Stein held the syrup bottle in his hands like a trophy, explaining how people used to make breakfast for dinner to the camera.
Actor Ben Stein says he misses the good old days when “a large African-American woman” was on his syrup bottle, but woke corporate culture ruins everything. pic.twitter.com/WkSXUDbRIj
— Ron Filipkowski 🇺🇦 (@RonFilipkowski) February 21, 2023
“Sometimes you would just make breakfast for dinner,” Stein said. “Aunt Jemima, yummy pancake syrup. Now, this used to show a large African American woman chef, but because of the inherent racism of America’s corporate culture, they decided to make it a white person or maybe no person at all.”
He continued, “But I prefer when it’s a Black person showing their incredible skill of making pancakes.”
Right, because adding a mammy caricature to the syrup bottle was to show that Black people could make pancakes.
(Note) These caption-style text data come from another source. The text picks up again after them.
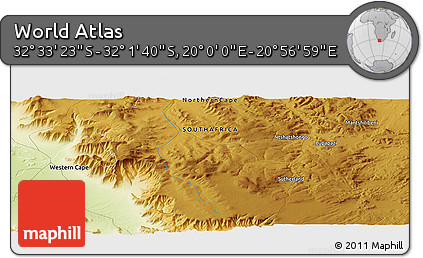 Physical Panoramic Map of the Area around 32° 17' 31" S, 20° 28' 30" E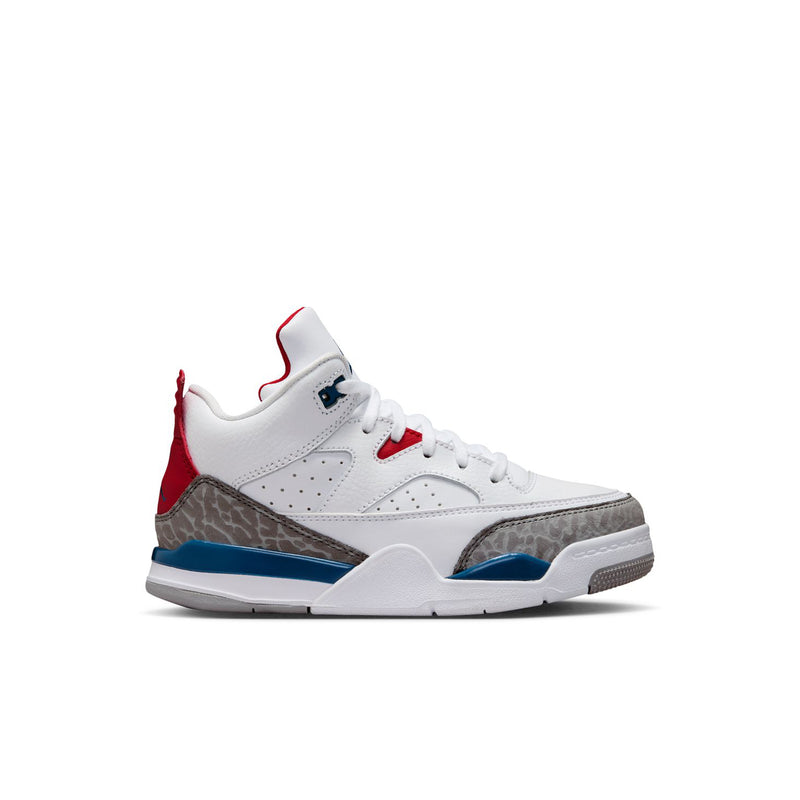 Kids low-top sneakers in white with blue and red accents, gray side panel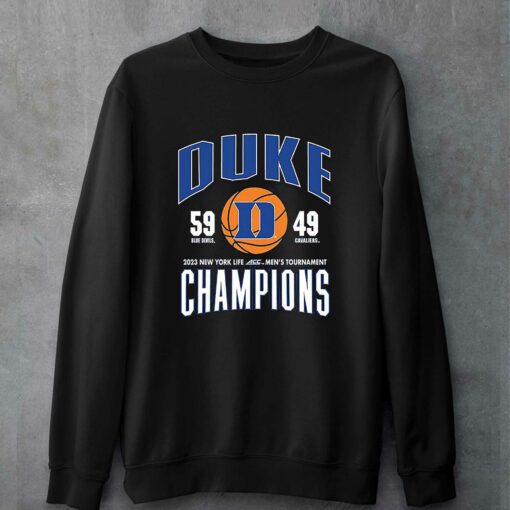 Duke Blue Devils 2023 New York Life Acc Mens Tournament Champions Score Shirt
Unfortunately, that wasn’t the case.
According to Ferris State University, the mammy caricature was created during slavery and remained relevant during the Jim Crow era. White America created the mammy caricature to benefit them politically, economically and socially by portraying her as a happy and obese Black woman who adored working as an enslaved person for her white family. No wonder why Stein missed her.
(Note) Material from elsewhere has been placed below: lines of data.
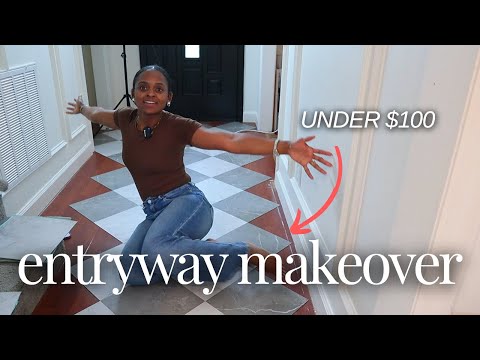 Entryway Makeover | I Gave My Entryway a $100 Glow-Up | DIY Peel & Stick Checkerboard Tiles | EP. 4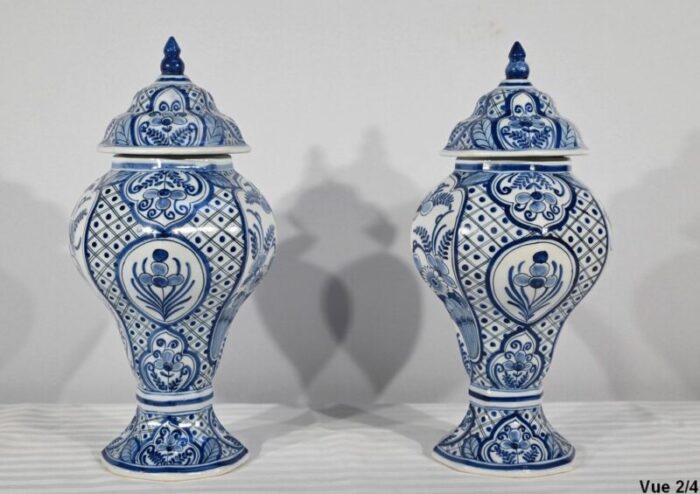 early 20th century delft earthenware vases 1890s set of 2 14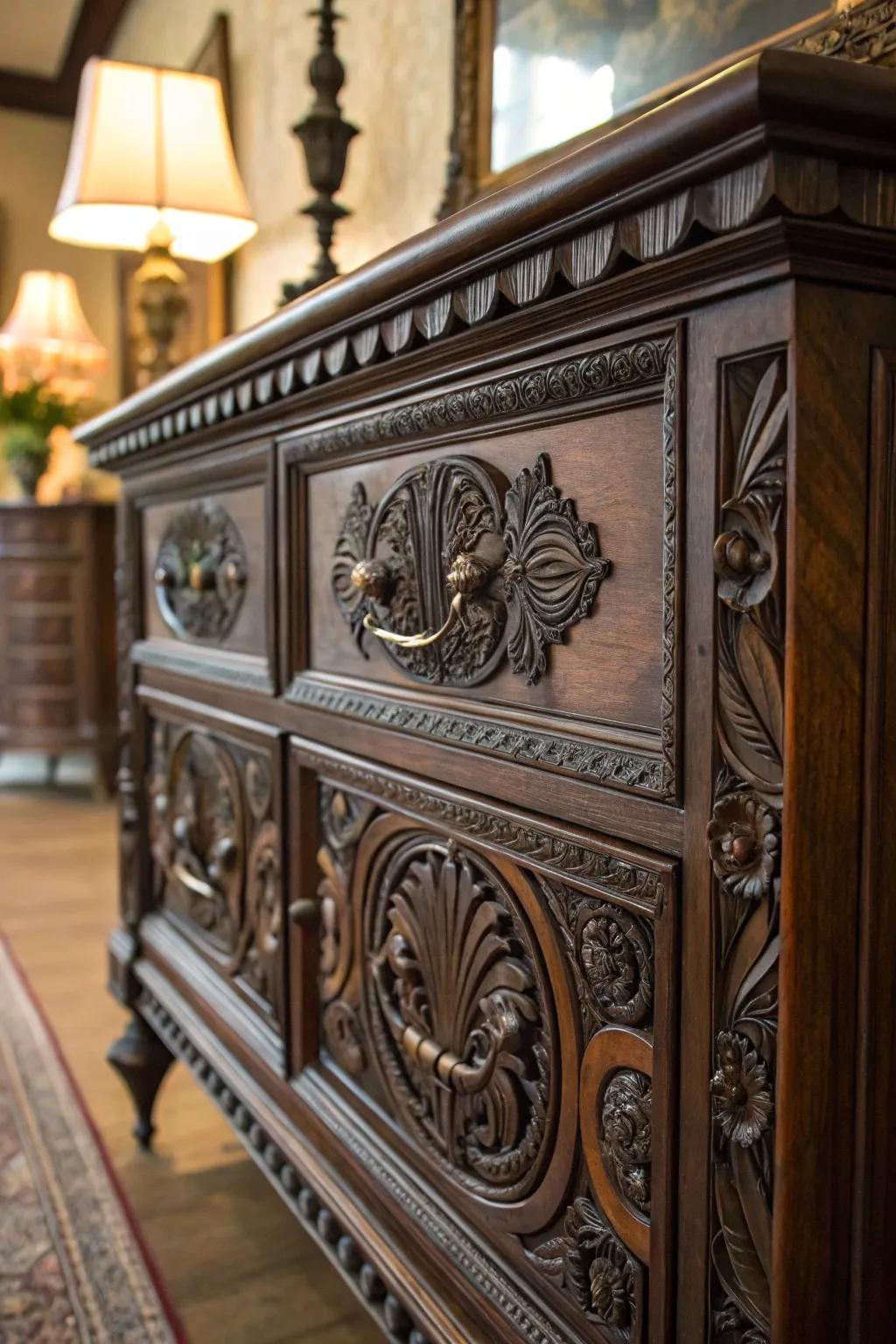Ornate furniture with intricate carvings adds Victorian elegance to your space.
Mammy was used commercially in the early 1870s, with mammy caricatures popping up on coffee cans, cleaning products and baking powder cans. The most successful “mammy” of all was Aunt Jemima. Missouri newspaper editor Charles Rutt and mill owner Charles G. Underwood developed the idea of a “just add water” self-rising flour in 1889. The Aunt Jemima name appeared to them after they attended a minstrel performance, aka Black face show, and heard a song with the name.
Aunt Jemima is a caricature, but Underwood and Rutt employed a real Black woman to portray Aunt Jemima. Nancy Green, a Kentucky slave, was the original face of Aunt Jemima, according to AAREG.
In 2021, Aunt Jemima was rebranded as the Pearl Milling Company during the Black Lives Matter movement. Many people claimed rebranding erased the impact of the women who portrayed them. However, it’s imperative to recognize that those women served as pillars for white people’s racist agenda to keep slavery alive by showing happy slaves.